Furthermore, please note that I've already agreed with you that having "one signficant economy", and specifically the US, defect from these goals and instead continue with the capitalist course that they are on is an existential threat. I disagree with you, again, that this competition would be a purely economic affair. The US (or any other sufficiently powerful capitalist actor) will use and has used every form of violence available to it to stop socialism from succeeding.

What you need to sit down and think about is, what are ecoomies supposed to be for anyway? Or what ought the goal of human labour be?

Eschat0n
Jan 16, 2019

WampaLord posted:

Do you think poor people should have more money, yes or no?

I would like a literal one word answer to this question.
yes

OwlFancier posted:

If you turn a tree into chairs the chairs have higher utility than the tree, if they didn't, you wouldn't do it, and people would just stand around and stare at trees instead of sitting on chairs.
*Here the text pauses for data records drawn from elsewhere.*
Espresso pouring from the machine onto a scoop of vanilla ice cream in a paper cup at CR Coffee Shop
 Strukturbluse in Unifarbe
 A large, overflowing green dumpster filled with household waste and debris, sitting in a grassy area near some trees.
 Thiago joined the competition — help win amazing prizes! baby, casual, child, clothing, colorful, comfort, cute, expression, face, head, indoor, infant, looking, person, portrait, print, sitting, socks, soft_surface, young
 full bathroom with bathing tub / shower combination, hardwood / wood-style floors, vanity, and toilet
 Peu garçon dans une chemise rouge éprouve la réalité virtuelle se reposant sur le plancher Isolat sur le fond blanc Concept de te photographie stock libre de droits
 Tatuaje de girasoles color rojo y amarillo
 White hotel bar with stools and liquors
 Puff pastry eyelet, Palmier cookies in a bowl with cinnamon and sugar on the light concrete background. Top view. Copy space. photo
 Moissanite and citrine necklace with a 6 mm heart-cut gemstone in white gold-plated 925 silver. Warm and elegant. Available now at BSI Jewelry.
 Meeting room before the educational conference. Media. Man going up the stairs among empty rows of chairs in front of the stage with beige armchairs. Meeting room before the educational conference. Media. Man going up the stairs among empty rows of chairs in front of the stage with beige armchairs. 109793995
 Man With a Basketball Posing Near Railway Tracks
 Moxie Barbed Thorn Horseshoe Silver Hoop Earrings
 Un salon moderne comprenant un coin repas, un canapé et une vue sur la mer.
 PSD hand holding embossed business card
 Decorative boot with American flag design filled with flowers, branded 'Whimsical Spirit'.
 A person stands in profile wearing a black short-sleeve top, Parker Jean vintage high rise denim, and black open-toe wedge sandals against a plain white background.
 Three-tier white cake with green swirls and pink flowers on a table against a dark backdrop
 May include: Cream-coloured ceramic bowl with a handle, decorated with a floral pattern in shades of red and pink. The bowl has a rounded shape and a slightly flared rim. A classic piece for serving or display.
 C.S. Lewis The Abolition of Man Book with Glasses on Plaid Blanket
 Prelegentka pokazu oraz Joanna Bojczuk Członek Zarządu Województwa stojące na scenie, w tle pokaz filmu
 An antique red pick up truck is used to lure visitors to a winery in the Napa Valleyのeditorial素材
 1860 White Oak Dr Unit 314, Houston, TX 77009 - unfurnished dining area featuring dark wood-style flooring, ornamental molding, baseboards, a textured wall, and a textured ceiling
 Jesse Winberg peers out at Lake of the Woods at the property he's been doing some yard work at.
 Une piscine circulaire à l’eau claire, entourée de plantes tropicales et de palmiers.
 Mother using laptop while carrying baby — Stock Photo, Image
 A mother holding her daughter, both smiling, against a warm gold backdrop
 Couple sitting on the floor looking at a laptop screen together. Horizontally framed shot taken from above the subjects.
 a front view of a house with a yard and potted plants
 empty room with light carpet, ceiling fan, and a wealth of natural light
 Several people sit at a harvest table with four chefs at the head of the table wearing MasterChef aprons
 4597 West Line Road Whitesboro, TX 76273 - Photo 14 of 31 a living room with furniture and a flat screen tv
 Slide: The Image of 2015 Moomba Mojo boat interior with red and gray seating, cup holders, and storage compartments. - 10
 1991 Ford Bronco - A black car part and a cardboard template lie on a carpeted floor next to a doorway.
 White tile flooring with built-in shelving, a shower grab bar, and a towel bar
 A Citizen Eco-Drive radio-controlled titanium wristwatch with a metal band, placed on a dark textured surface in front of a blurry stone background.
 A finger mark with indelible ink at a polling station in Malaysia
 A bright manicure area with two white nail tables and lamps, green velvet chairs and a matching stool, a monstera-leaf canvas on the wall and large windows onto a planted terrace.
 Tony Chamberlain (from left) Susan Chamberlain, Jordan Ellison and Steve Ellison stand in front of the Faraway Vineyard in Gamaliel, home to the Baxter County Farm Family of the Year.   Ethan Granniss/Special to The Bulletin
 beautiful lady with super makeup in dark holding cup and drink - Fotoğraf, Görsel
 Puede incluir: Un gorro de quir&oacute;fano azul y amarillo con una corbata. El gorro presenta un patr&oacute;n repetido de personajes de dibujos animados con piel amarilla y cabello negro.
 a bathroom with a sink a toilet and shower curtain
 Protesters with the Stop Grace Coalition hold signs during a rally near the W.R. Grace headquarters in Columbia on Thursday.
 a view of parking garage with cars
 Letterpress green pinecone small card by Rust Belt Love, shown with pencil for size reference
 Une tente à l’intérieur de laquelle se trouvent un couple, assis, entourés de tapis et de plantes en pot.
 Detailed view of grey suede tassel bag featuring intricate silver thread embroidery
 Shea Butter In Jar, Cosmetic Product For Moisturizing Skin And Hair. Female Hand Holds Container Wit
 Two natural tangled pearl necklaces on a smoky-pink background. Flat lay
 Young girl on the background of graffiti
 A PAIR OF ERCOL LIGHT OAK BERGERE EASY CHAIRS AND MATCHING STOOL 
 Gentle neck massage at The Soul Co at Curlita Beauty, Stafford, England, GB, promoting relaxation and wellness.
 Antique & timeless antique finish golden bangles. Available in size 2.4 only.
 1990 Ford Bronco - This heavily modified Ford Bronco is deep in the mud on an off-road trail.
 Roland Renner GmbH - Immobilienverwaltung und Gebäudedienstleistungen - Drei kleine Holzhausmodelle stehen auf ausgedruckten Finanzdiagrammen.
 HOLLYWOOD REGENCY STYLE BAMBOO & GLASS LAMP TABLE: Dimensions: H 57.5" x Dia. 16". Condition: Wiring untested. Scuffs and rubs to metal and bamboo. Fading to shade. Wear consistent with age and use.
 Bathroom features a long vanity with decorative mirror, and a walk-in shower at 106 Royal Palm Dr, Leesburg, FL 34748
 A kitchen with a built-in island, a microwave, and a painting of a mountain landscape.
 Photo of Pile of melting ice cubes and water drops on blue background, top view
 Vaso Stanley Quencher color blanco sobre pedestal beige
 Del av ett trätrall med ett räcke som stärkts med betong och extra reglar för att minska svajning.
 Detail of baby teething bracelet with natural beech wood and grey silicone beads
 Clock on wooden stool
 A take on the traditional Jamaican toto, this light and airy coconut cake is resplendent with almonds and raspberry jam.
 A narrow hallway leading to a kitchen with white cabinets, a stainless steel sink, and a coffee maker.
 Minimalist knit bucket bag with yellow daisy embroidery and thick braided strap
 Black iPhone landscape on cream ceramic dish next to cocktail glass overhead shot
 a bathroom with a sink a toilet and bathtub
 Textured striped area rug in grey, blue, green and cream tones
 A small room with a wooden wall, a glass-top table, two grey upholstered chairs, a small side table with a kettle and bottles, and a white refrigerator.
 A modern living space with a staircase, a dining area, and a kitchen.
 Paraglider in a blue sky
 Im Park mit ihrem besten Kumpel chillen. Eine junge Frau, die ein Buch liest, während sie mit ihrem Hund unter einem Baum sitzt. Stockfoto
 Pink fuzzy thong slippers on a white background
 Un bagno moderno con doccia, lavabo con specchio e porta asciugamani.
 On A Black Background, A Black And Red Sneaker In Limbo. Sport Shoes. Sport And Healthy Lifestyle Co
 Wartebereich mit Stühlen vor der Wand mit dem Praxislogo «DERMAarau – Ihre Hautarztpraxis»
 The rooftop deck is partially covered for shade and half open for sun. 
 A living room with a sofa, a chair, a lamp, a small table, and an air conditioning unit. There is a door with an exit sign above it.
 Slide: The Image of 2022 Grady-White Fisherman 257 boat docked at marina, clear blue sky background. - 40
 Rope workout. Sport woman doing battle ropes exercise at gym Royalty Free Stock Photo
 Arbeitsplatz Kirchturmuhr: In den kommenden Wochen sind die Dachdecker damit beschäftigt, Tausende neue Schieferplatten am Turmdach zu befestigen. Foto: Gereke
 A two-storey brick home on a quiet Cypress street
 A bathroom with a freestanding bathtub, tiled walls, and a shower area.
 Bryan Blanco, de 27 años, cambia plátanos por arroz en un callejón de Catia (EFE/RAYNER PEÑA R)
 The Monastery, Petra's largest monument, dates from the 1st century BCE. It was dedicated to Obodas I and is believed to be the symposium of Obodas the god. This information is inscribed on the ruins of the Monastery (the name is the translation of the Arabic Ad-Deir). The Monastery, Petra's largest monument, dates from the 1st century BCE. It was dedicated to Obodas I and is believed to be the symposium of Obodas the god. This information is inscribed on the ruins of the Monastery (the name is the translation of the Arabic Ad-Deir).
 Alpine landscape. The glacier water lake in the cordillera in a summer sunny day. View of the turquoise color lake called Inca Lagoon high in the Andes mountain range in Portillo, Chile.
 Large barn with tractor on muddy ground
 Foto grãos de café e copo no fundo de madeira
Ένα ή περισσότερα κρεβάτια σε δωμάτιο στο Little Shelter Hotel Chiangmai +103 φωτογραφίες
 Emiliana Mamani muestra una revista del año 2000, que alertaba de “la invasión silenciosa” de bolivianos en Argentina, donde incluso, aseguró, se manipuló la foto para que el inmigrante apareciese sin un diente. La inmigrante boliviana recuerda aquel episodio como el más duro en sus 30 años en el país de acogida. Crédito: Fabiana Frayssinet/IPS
This is not in any way a "net loss", there is all sorts of work that produces things that are actually useful and beneficial to people and which, by basically any metric, generates value, whether or not you consider money to be value, or utility, or beauty, or artifice, or whatever. Human work transforms things into more useful things and there is not any sort of loss inherent to this process. Loss can occur due to market factors, or due to your boss owning the means of production and screwing you out of your fair share, but the overwhelming probability is that your labour is useful and generates value, not a loss.

If you're trying to say that's all meaningless because eventually the universe is gonna freeze to death then that's really not very useful to anybody who's ever been or is or is gonna be alive.
Thinking about it, I suppose a better way to make my point would be to say that the process of moving use-values through an economy diminishes the return on that work for the person who made them, and always will. Economies take work to run, but are not themselves use-values - they are a use-value distribution system. Certainly they create wealth by providing use-values to those who would not otherwise have had them, but at somewhat less efficiency than if the use-value had just been readily available without needing to resort to the economy where some work is lost in the process of transaction.


Typo posted:

there's nothing about intentions here, an externality can be intended or unintended
You are absolutely right. Sorry about that.


Typo posted:

But all you are really saying here is that everything uses energy and there is a finite amount of energy in the universe to be used up because the universe is (probably) finite, which is true, I'm just not sure why you need like 10 pages of words to say this or how this is non-trivial

the idea that there are finite resources (scarcity) and that we need to find a good way of allocating said finite resources is the very premise of economics as a discipline: whether you are of the Marxist or Neoclassical school.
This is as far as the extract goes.